[Stored data entries]
-=-=-=-=-
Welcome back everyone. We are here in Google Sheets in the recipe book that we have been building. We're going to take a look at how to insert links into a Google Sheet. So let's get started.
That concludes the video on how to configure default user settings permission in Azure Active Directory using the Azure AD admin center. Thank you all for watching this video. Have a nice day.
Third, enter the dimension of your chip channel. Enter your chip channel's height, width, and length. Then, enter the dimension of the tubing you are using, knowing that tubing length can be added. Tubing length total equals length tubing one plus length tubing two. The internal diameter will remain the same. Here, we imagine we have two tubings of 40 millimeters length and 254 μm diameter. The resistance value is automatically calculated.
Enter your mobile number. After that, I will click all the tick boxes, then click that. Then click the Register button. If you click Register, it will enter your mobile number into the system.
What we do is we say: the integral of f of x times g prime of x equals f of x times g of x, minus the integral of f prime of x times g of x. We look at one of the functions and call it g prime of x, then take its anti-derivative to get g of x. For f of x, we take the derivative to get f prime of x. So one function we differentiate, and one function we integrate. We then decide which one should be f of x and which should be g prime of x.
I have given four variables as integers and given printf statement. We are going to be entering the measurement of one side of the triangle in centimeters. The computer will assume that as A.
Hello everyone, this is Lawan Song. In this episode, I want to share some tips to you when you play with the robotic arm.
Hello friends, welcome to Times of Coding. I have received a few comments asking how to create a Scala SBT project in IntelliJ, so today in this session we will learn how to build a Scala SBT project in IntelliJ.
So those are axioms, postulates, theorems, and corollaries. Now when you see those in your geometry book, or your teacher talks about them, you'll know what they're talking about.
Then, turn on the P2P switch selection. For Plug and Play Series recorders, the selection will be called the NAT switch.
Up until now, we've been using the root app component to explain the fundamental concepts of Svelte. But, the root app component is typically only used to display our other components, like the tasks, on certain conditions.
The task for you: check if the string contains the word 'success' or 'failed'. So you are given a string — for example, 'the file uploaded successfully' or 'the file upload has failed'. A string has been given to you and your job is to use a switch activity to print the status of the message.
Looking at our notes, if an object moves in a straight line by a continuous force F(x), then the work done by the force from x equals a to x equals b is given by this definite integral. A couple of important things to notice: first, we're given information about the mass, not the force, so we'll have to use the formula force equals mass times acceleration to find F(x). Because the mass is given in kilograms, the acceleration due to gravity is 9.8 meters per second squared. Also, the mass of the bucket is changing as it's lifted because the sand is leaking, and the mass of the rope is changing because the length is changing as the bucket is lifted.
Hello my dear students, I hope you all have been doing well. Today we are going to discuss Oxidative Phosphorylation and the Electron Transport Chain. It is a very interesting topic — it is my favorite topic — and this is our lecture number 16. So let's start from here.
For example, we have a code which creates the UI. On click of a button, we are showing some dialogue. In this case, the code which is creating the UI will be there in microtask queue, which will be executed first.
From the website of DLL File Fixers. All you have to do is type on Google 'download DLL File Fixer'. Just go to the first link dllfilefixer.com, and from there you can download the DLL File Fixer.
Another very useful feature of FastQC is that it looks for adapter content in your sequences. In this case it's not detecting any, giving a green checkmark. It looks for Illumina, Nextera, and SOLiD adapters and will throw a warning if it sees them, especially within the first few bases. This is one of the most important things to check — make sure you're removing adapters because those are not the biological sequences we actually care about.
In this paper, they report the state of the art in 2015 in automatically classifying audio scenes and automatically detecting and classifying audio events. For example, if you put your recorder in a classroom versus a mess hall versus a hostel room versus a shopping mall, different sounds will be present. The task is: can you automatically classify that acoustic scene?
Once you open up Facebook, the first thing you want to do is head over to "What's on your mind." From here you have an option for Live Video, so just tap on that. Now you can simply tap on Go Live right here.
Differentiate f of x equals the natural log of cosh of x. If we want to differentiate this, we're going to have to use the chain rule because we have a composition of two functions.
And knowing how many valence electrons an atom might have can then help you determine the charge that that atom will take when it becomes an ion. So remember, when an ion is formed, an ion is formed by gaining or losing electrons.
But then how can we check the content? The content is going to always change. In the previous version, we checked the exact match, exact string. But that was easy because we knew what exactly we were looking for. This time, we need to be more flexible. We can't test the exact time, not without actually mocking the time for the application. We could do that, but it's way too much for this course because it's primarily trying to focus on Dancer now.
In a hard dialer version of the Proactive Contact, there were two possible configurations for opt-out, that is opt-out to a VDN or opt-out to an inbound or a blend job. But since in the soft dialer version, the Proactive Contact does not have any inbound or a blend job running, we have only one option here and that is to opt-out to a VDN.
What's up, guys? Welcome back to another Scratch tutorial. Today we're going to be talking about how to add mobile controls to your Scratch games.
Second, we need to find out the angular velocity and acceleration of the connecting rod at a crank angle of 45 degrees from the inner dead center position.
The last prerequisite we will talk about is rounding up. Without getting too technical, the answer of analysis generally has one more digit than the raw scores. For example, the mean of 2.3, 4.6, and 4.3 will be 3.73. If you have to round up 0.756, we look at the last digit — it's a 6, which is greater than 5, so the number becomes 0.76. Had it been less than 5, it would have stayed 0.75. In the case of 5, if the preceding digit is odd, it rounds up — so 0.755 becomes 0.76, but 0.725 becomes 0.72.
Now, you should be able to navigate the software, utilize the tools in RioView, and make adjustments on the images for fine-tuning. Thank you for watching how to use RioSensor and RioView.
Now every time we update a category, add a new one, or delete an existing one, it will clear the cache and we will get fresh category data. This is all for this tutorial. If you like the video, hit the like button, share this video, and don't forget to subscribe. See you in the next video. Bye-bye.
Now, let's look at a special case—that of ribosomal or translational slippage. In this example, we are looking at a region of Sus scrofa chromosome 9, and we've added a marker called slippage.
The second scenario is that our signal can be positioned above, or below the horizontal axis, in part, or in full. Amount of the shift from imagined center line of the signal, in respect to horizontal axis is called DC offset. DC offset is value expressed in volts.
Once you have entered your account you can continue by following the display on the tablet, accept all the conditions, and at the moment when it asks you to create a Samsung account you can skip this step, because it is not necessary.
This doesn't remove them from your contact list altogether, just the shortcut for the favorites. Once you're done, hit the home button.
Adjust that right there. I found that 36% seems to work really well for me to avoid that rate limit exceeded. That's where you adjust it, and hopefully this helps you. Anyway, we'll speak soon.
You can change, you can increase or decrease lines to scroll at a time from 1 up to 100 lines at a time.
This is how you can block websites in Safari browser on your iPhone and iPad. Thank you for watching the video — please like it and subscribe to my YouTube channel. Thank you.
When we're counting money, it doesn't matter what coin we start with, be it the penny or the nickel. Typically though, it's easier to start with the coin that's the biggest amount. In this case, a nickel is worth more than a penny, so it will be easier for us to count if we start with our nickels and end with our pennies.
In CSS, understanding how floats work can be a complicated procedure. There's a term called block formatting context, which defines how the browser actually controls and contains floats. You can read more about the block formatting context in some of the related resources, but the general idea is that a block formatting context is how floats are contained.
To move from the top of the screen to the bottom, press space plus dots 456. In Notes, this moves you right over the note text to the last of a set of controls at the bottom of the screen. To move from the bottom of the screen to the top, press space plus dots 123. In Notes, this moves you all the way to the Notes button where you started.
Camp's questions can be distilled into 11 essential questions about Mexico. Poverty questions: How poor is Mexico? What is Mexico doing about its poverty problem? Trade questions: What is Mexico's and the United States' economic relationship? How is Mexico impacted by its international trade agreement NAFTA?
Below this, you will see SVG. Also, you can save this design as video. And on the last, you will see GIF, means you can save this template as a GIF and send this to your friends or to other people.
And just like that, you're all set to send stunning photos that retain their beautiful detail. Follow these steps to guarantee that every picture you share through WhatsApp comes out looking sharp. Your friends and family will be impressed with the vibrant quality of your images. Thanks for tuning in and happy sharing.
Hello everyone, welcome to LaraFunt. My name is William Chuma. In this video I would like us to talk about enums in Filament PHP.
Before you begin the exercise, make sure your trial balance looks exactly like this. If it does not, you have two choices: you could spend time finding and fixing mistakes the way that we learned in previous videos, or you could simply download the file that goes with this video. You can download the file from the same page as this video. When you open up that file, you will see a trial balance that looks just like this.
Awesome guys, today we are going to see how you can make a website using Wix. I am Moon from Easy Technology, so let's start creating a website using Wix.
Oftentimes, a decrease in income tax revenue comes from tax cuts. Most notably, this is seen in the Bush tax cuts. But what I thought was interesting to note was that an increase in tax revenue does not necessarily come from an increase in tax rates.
-=-=-=-=-
Exact duplication is required for the lines above, from the line that contains "This is how" to the line that contains "In CSS, understanding", inclusive; omit all others.

This is how you can block websites in Safari browser on your iPhone and iPad. Thank you for watching the video — please like it and subscribe to my YouTube channel. Thank you.
When we're counting money, it doesn't matter what coin we start with, be it the penny or the nickel. Typically though, it's easier to start with the coin that's the biggest amount. In this case, a nickel is worth more than a penny, so it will be easier for us to count if we start with our nickels and end with our pennies.
In CSS, understanding how floats work can be a complicated procedure. There's a term called block formatting context, which defines how the browser actually controls and contains floats. You can read more about the block formatting context in some of the related resources, but the general idea is that a block formatting context is how floats are contained.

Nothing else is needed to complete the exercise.